Patsy v. Board of Regents of State of Florida

RESPONDENT: Board of Regents of State of Florida
LOCATION: Furnace Woods School

DOCKET NO.: 80-1874
DECIDED BY: Burger Court (1981-1986)
LOWER COURT: United States Court of Appeals for the Fifth Circuit

CITATION: 457 US 496 (1982)
ARGUED: Mar 02, 1982
DECIDED: Jun 21, 1982

Charles S. Sims - on behalf of the Petitioner
Mitchell D. Franks - on behalf of the Respondents

Facts of the case


Media for Patsy v. Board of Regents of State of Florida

Audio Transcription for Oral Argument - March 02, 1982 in Patsy v. Board of Regents of State of Florida

Warren E. Burger:

We will hear arguments next in the case of Patsy against Florida Board of Regents.

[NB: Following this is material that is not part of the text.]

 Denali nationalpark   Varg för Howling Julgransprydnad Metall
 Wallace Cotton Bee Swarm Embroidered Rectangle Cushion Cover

Mr. Sims, you may proceed whenever you are ready.

Charles S. Sims:

Mr. Chief Justice, and may it please the Court:

The issue in this case is whether plaintiffs in 1983 actions can generally be required to exhaust administrative remedies, despite this Court's consistent and repeated holdings that such exhaustion is not required, despite clear congressional recognition of and reliance on those holdings, and despite the absence of any historical basis to support a change in this Court's longstanding construction of Section 1983.

Unlike most cases that come before the Court, this case pronounced not a new issue, but an old, previously settled one and respondents have not come near to making the sort of showing required to justify a change in settled statutory construction.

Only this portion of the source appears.